## INPUT DATA
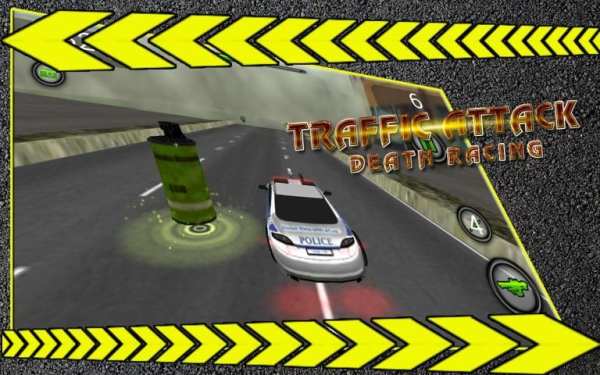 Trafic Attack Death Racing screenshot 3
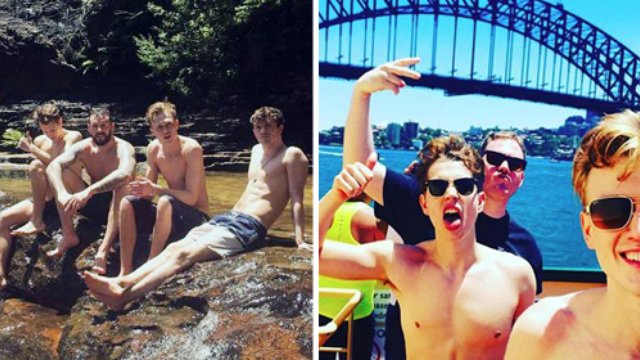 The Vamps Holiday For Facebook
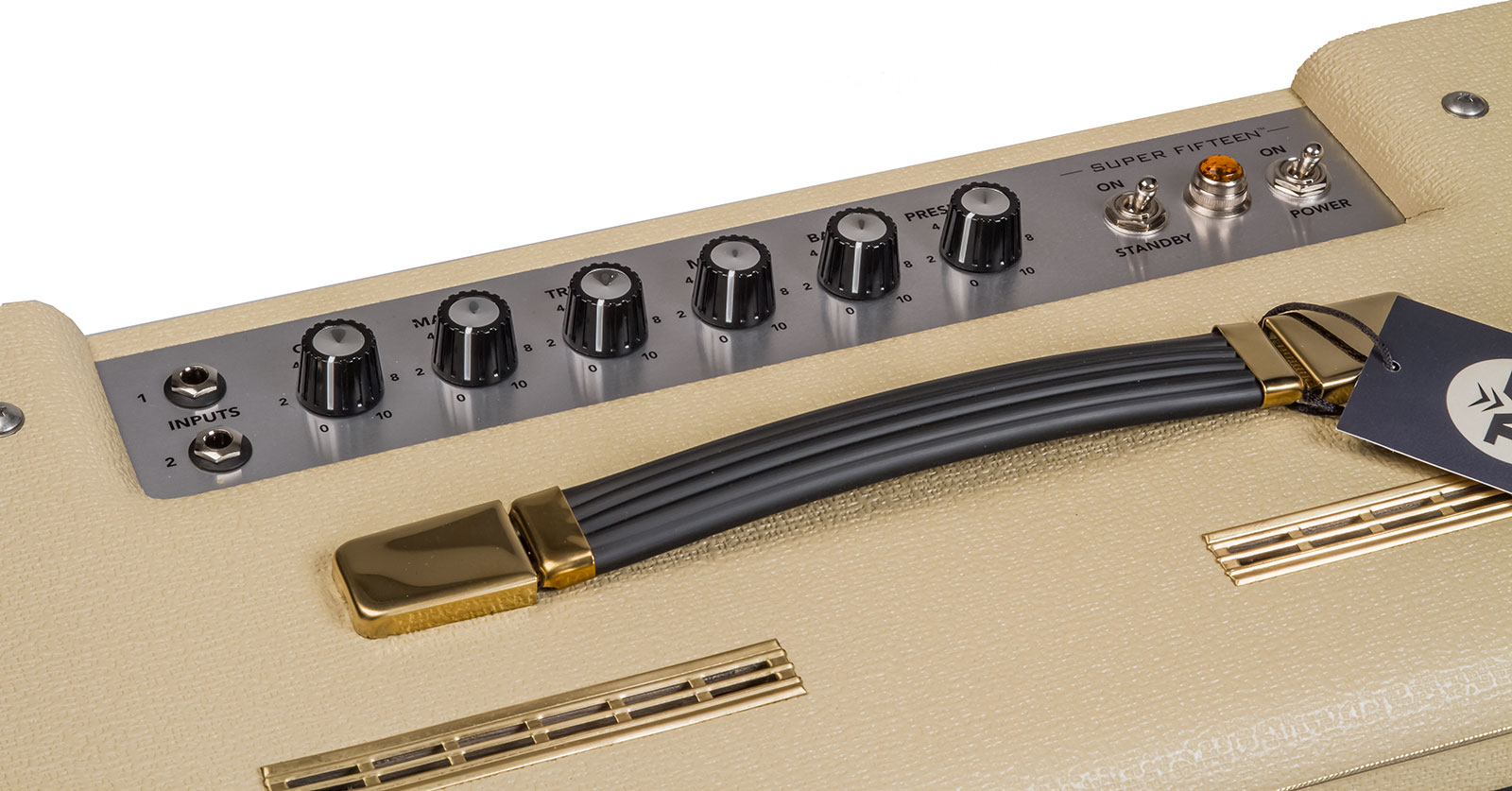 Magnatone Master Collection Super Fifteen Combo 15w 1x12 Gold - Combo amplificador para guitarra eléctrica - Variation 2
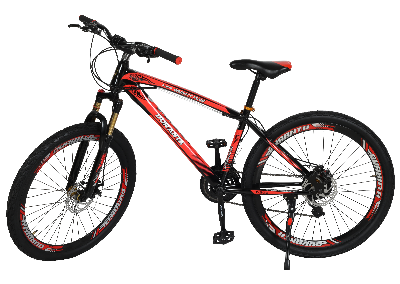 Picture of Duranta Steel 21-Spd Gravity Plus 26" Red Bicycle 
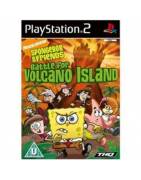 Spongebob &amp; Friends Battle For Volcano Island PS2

## EXERCISE AIM
The answer must restate every entry word for word, with the pictures left out.

## TASK RESULT
 Trafic Attack Death Racing screenshot 3
 The Vamps Holiday For Facebook
 Magnatone Master Collection Super Fifteen Combo 15w 1x12 Gold - Combo amplificador para guitarra eléctrica - Variation 2
 Picture of Duranta Steel 21-Spd Gravity Plus 26" Red Bicycle 
 Spongebob &amp; Friends Battle For Volcano Island PS2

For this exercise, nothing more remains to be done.